Exercise instructions | Beneath this instruction is a listing. Transcribe from it only the stretch from the line with "Year concept 100016902" through the line with "Leipzig, Germany, a", both end lines included, exactly as written.

Listed records |
#####
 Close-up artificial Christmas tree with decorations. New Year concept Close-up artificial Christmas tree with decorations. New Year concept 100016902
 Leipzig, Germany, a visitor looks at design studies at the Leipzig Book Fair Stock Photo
#####
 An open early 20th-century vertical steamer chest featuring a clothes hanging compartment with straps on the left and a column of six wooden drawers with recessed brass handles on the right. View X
#####
Solution for this task |
 Close-up artificial Christmas tree with decorations. New Year concept Close-up artificial Christmas tree with decorations. New Year concept 100016902
 Leipzig, Germany, a visitor looks at design studies at the Leipzig Book Fair Stock Photo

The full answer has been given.